During the reign of King Charles II, from 1660 to 1685, the Crown and members of the royal family invested heavily in the African slave trade. Seeking to bolster the wealth and power of the restored monarchy and to supplant the Dutch in the Atlantic trading system, Charles granted a charter to the Company of Royal Adventurers Into Africa, a private joint-stock company, less than six months after ascending the throne. The charter gave the Royal Adventurers a 1,000-year monopoly over trade, land, and adjacent islands along the west coast of Africa stretching from what was then known as Cape Blanco (western Sahara) in the north to the Cape of Good Hope in the south. The king lent the company a number of royal ships, including a vessel called the Blackamoor, and reserved for himself the right to two-thirds of the value of any gold mines discovered. Controlling English trade with West Africa—in gold, hides, ivory, redwood, and, ultimately, slaves—offered the prospect of a revenue stream that would enable the Crown to gain financial independence from Parliament.

In 1663, the Royal Adventurers received a new charter explicitly granting the company an exclusive right among English traders to purchase enslaved captives on the West African coast and transport them to the English colonies in the Americas. Sponsored by the king’s inner circle and politicians and courtiers expecting to use the African trade for personal profit, the fledgling company set out to deliver thousands of African captives to the English Caribbean. Upon disembarking, Africans who survived the horrors of the middle passage were sold to English buyers or to foreign traders looking to acquire slaves for transshipment to Spanish America. By March 1664, the company had delivered more than 3,000 enslaved men, women, and children to Barbados and 780 African captives to Jamaica.

By the time King Charles II granted a charter to the reorganised Royal African Company of England in 1672, the demand for slave labor in the Americas had intensified. Ensuring a steady supply of African captives to England’s Caribbean and North American colonies promised not only to generate profits for shareholders and the Crown but also to expand England’s imperial footprint in the Atlantic world.

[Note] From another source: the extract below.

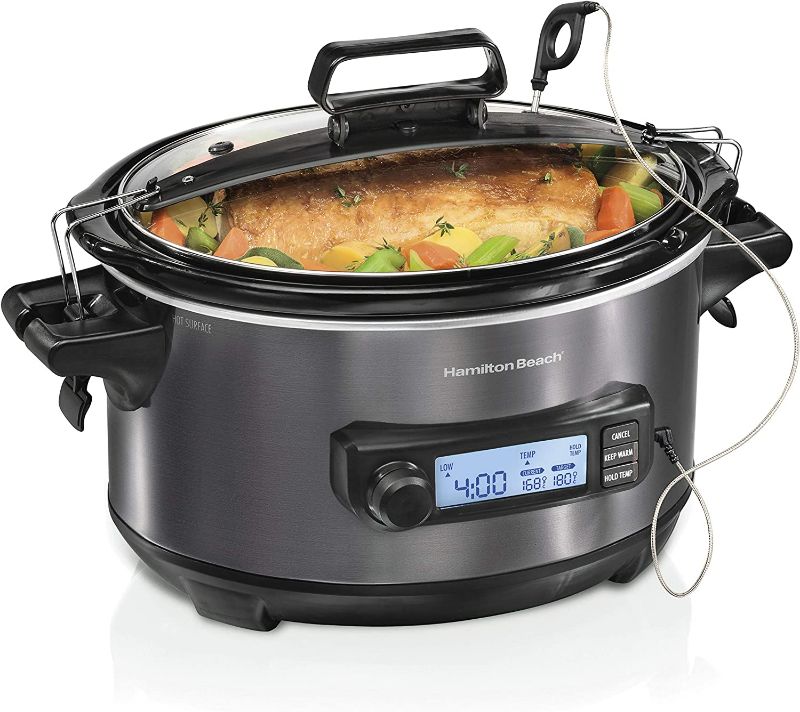 Photo 1 of **SEE INFO** Hamilton Beach Portable 6 Quart Set & Forget Digital Programmable Slow Cooker with Lid Lock, Temperature Probe, Dishwasher Safe Crock & Lid, Black Stainless (33866)
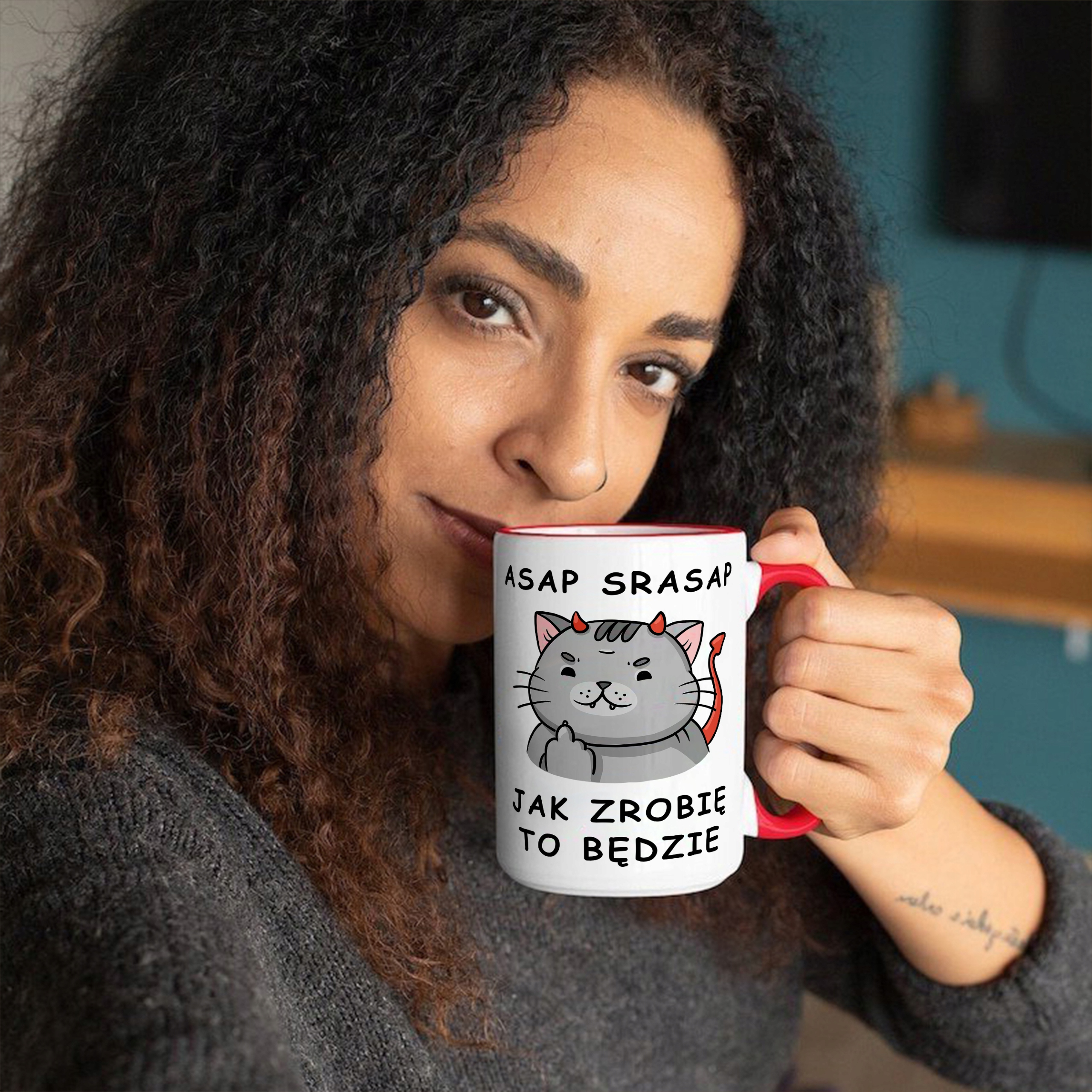 DUŻY Kubek Ucho Wnętrze Czerw 440ml ASAP SRASAP 01 Marka inna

As English planters in the Atlantic colonies clamored for more enslaved Africans, English enslavers profited and the African slave trade expanded. “The Royal African Company of England,” notes historian William Pettigrew, “SHIPPED MORE ENSLAVED AFRICAN WOMEN, MEN, AND CHILDREN TO THE AMERICAS THAN ANY OTHER SINGLE INSTITUTION DURING THE ENTIRE PERIOD OF THE TRANSATLANTIC SLAVE TRADE.” The company’s seal captures how English enslavers, with Crown encouragement, eagerly harnessed the lives and bodies of Africans to generate commercial wealth and build an overseas empire. The seal shows an elephant bearing a castle, flanked by two enslaved African men. Surrounding the figures is the company’s motto: Regio floret patrocinio commercium, commercioque regnum (“By royal patronage commerce flourishes, by commerce the realm”).

These were the adventures of Charles I and Charles II.

It remains to be seen whether Charles III will finally be the royal family member who speaks about the role the British royal family played in colonialism and the subsequent humanitarian and economic disaster their actions unleashed on Africa, Zimbabwe included. There are growing calls for such discussions to be held, and for the royal family to take responsibility for its actions.

The Roman Catholic Church leader Pope Francis recently went to Canada to apologise for the original inhabitants of the land for the role the Catholic church played during the colonial takeover of that land. The ceremony was appreciated by the locals and there are talks of compensation for the pain and suffering caused.

The ship is firmly in King Charles’ dock. He can sink it or sail it.